Accordingly, the position of the path switching unit 41 is changed
from the retracting position to the protruding position. Therefore,
the rear end portion of the printing paper is pressed downward by
the auxiliary roller 48, and is directed toward the second
transporting path 67.
[0051] When a one-side printing is performed, the third
transporting roller 45 maintains the normal rotation, so that the
third pair of rollers 44 discharges the printing paper to the paper
discharge tray 21. In contrast, when a double-sided printing is
performed, the third transporting roller 45 is switched from the
normal rotation to the reverse rotation in a state in which the
rear end portion of the printing paper is directed toward the
second transporting path 67. Accordingly, the third pair of rollers
44 can switch back the printing paper to the second transporting
path 67.
[Second Transporting Path 67]
[0052] The second transporting path 67 is branched at the branched
port 36 from the first transporting path 65, passes underside of
the supporting member 43 and upper side of the paper feed arm 26,
and joins the first transporting path 65 at a meeting point 37 on
the upstream side of the printing unit 24 in the direction of
transport. The printing paper is transported through the second
transporting path 67 in the direction from the branched port 36 to
the meeting point 37.
[0053] The second transporting path 67 is divided by a lower
inclined guide member 33 and the supporting member 43. The lower
inclined guide member 33 is mounted on a frame of the printer unit
11, and includes an inclined surface inclining from the branched
port 36 rearward and obliquely downward.
[0054] The second transporting path 67 is provided with a fourth
transporting roller 68 and a spur roller 69. The spur roller 69 is
brought into press-contact with a roller surface of the fourth
transporting roller 68 by its own weight, a spring or the like. The
fourth transporting roller 68 is rotated by the rotating force
transmitted from the transporting motor, and transports the
printing paper in the direction from the branched port 36 toward
the meeting point 37.
[Media Tray 71]
[0055] As described above, the multifunctional peripheral 10 has a
function to print images on disc surfaces of printing media such as
CD-ROM or DVD-ROM. When printing the image on the disk surface of
the recording medium, the recording medium is placed on the media
tray 71. The media tray 71 is inserted from the opening 13 in the
direction indicated by an arrow 77, which is the direction opposite
from the direction of transport, along the first transporting path
65, while being placed on a tray guide 76, described later.
[0056] As shown in FIG. 3A, the media tray 71 is formed of resin
and has a thickness in the vertical direction 7 of several
millimeters (for example, 2 mm to 3 mm).

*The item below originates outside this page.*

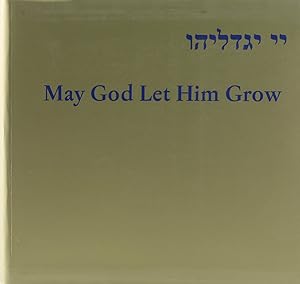 May God Let Him Grow. A Child's Birth in the Culture and Customs of Bohemian and Moravian Jews.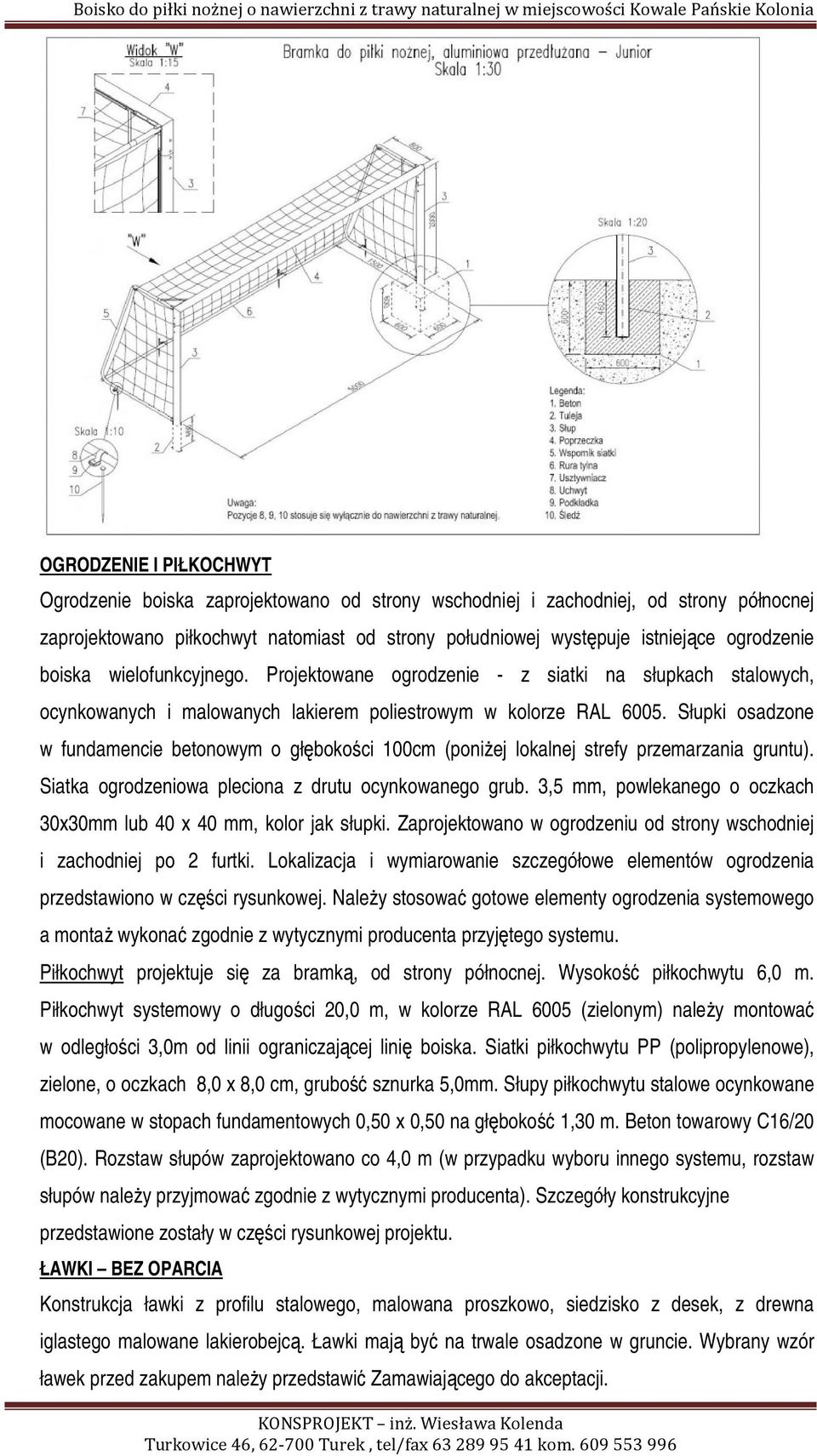 Słupki osadzone w fundamencie betonowym o głębokości 100cm (poniżej lokalnej strefy przemarzania gruntu). Siatka ogrodzeniowa pleciona z drutu ocynkowanego grub.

The media tray 71 has a
length in the direction of transport (the fore-and-aft direction 8)
and a length in the width direction (the lateral direction 9)
longer than the thickness (the vertical direction 7), and the
length in the direction of transport (the fore-and-aft direction 8)
is longer than the length in the width direction (the lateral
direction 9). In other words, the media tray 71 is formed of a
resin plate in a thin parallelepiped shape. An upper surface 72 of
the media tray 71 is provided with a media placing portion 70,
which is a circular depression for allowing a rigid object such as
a CD-ROM or a DVD-ROM to be placed therein.
[0057] As shown in FIG. 3B, a leading end surface 73 which
constitutes part of a lower surface 75 of the media tray 71 has an
inclination of a predetermined angle .theta.1 from a leading end 74
of the media tray 71 to the lower surface 75 of the media tray 71.
In other words, the leading end surface 73 of the media tray 71
faces obliquely downward. In contrast, the thickness of the media
tray 71 is increased gradually as it goes forward from the leading
end 74. The shape of a leading end portion of the media tray 71 as
described above is an example of a guide portion.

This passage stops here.